Getting late

It is already more than two months since the devastating earthquake struck Nepal. Within these two months, a lot of work has been done. It may not have been enough or perfect but we must accept that things have been done. In comparison to the international INGOs, Nepal Government and Nepali youths have proved to be very effective.

There is no use crying over spilled milk, but the only thing that we can do is learn lessons from it. So now - the huge task of reconstructing our damaged infrastructures has to begin. Donors assembly has already taken place and billions of dollars have been pledged, but the challenge of managing such a mammoth and critical task has just began.

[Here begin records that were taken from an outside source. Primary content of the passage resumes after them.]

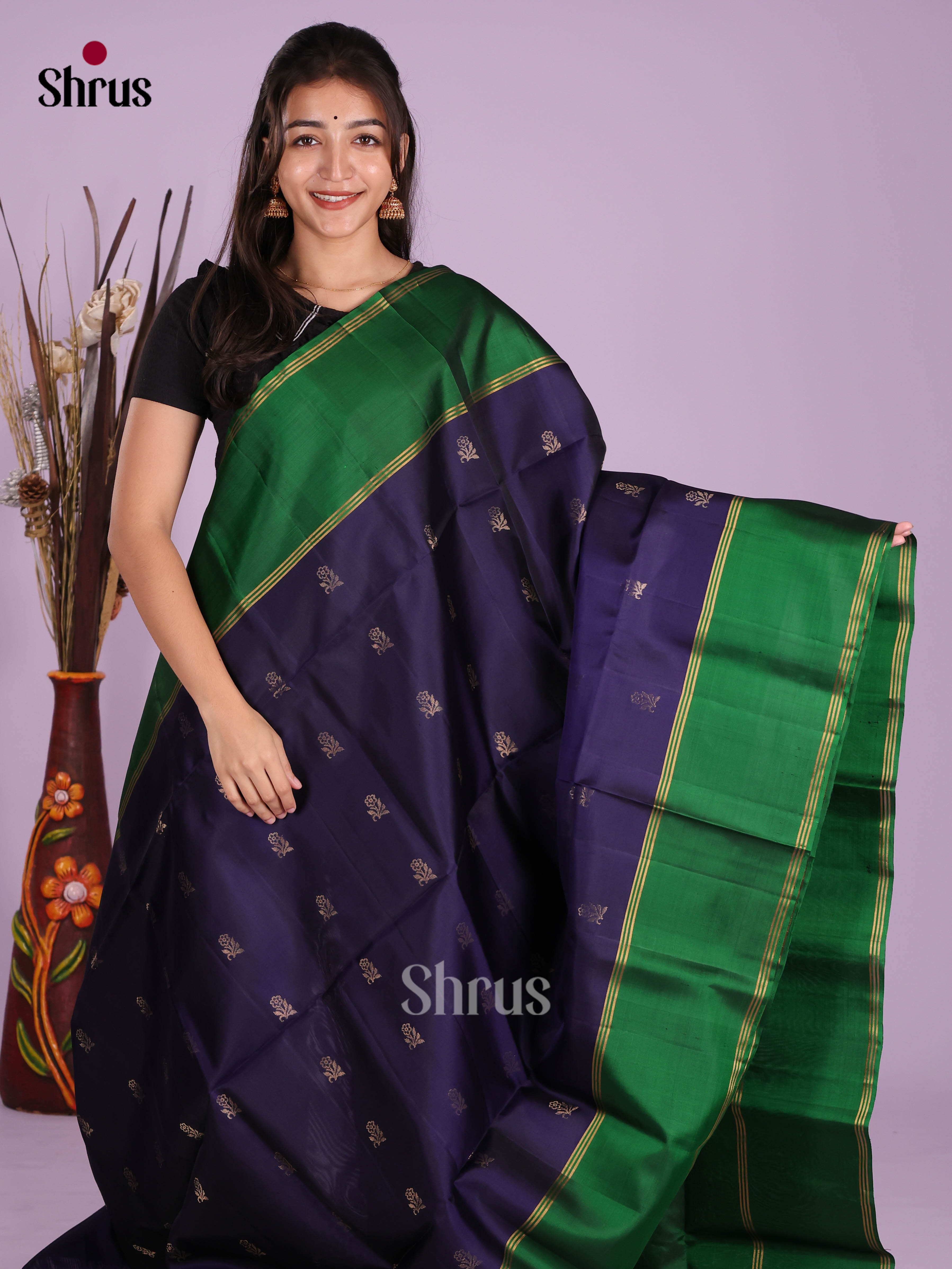DKS10009 - Soft Silk (HR) Saree - Shop on Shrus.com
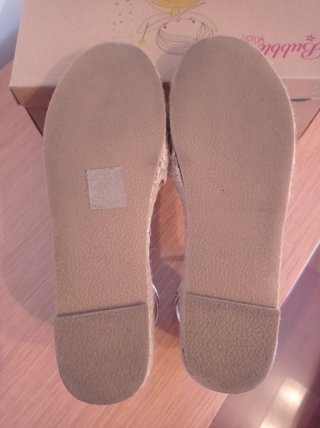 Sandalias Bubble Kids esparto beige/dorado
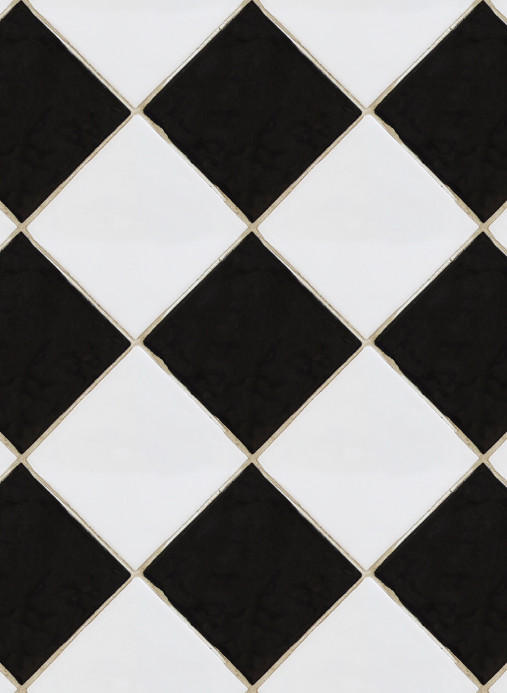 Rebel Walls Tapete Checkered Tiles - Black/ White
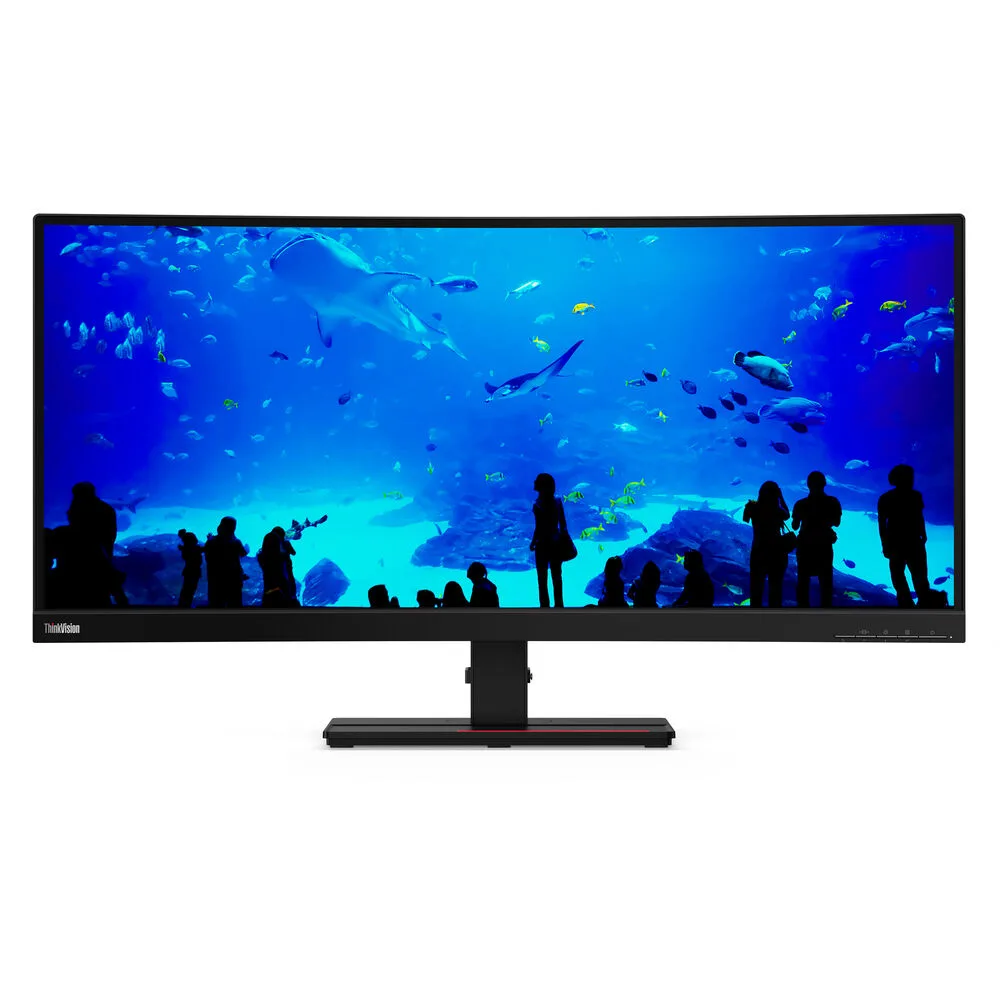 Lenovo ThinkVision T34w-20 34" Curved Ultrawide Monitor | WQHD 3440×1440 | VA Panel | 60Hz | USB-C 75W PD | HDMI | DisplayPort (Used)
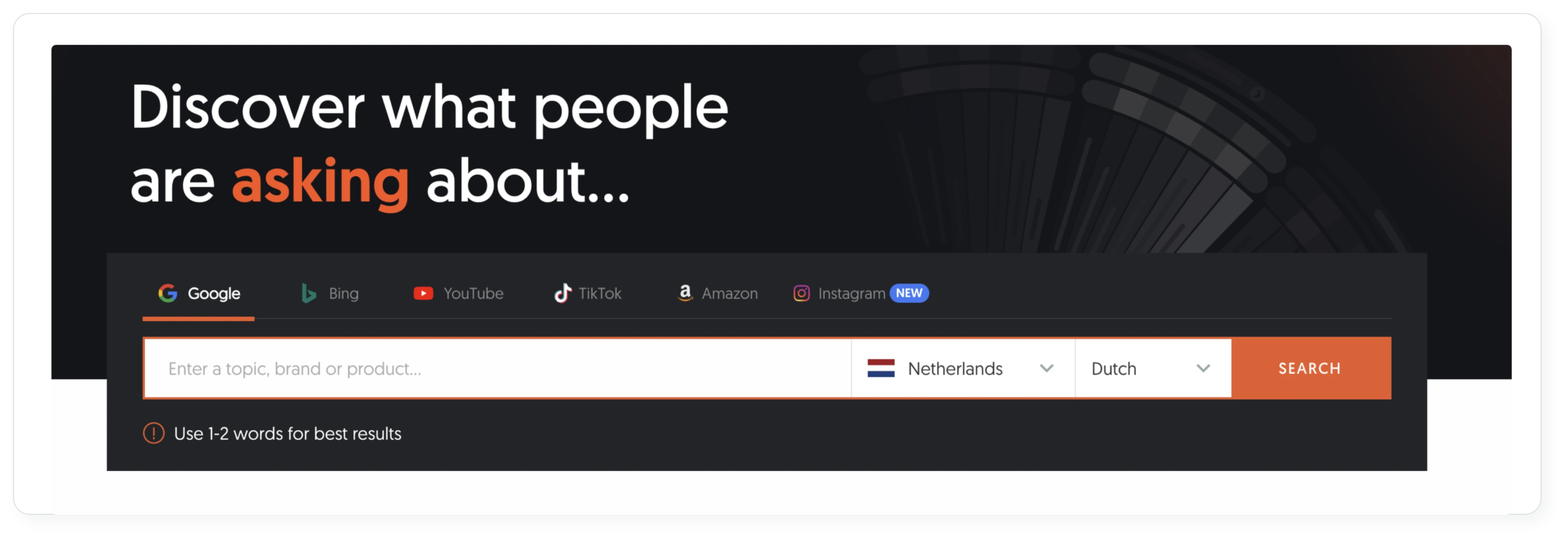 Answer the public dashboard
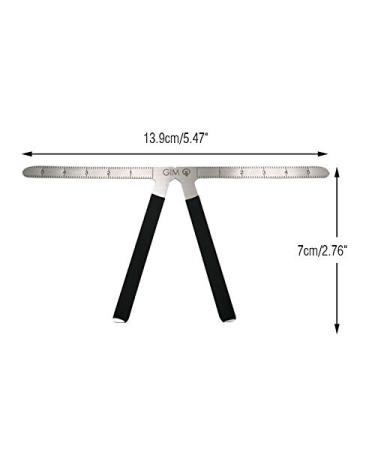 Three-Point Positioning Makeup Eyebrow Ruler Stencil Tool - Buy Online on SooperMarket.com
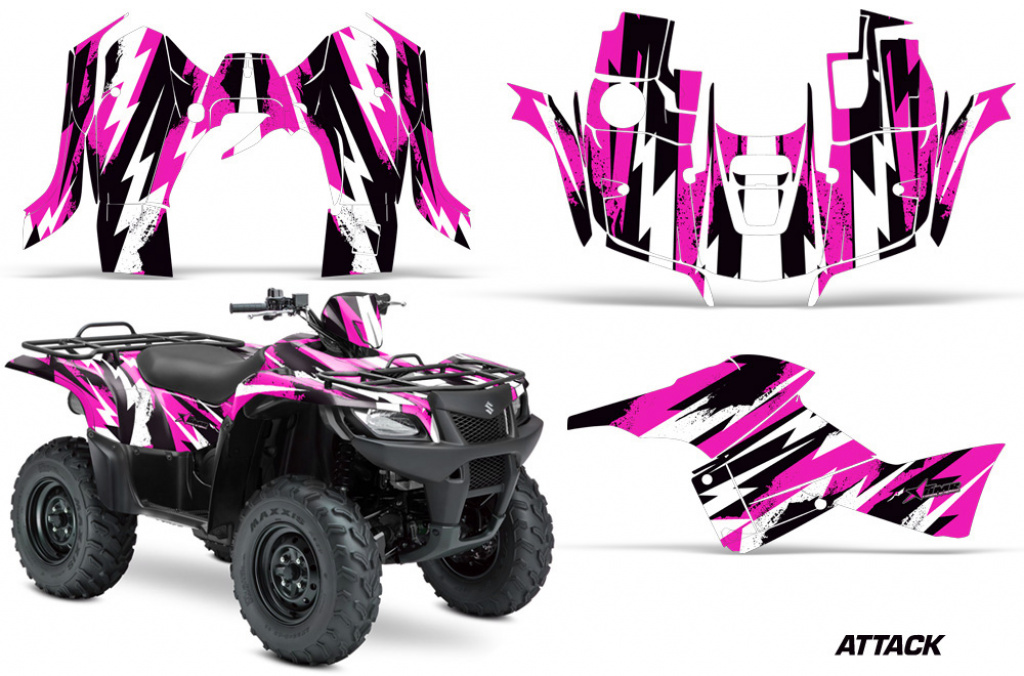 Attack Pink für Suzuki KingQuad LT-A 500/700/750 AXI bis 2018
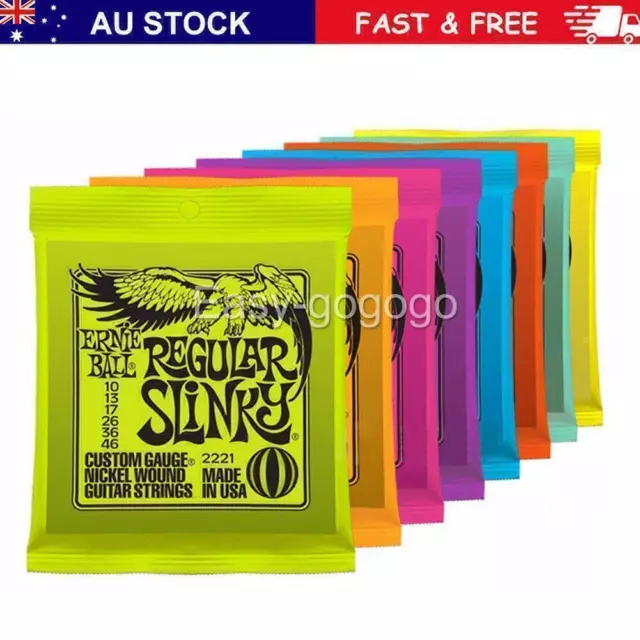 For Ernie Ball Electric Guitar Strings Slinky 2223 2221 2222 2215 2220 2225 NEW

We, Nepalis, may not be living in an ideal society and this makes any task the government initiates very difficult. The threats from goons to officials to receive government relief packages and dishonesty on the part of relief distributing officers serve testimony to our weak and improper societal values. Our nation’s future rests on raising the ethics and morality of the whole society. So how do we help earthquake victims? Should we give them grants for reconstruction or loans? And, how much should we give?

The government is going to provide subsidized loans to rebuild houses for those who have the capacities to pay back the loans. That would mean that the government will alienate those who have no capacity to repay.

Fortunately, there is a silver lining on the edges of all dark clouds. What if the government does not give grants to people—but instead jobs? The government is not broke; the government coffers are teeming with funds from national and international donors. Let us do something creative. Let’s get back to the board rooms and draft the most ambitious projects we can afford—and employ the earthquake victims. You might be thinking—but these people do not have skills. Again, that is an opportunity— the government has funds to train them.

As we start the reconstruction process, there is a huge unmet demand for construction workers. I urge the government to start training programs in every city and village to build houses.

After the earthquake, Nepali youths carried out relief operations unselfishly. Even the political parties have come forward and volunteered aid for the cause for a certain period of time. Why does the government not come with projects so that our youths can contribute to the nation’s development? Why do we waste this precious resource?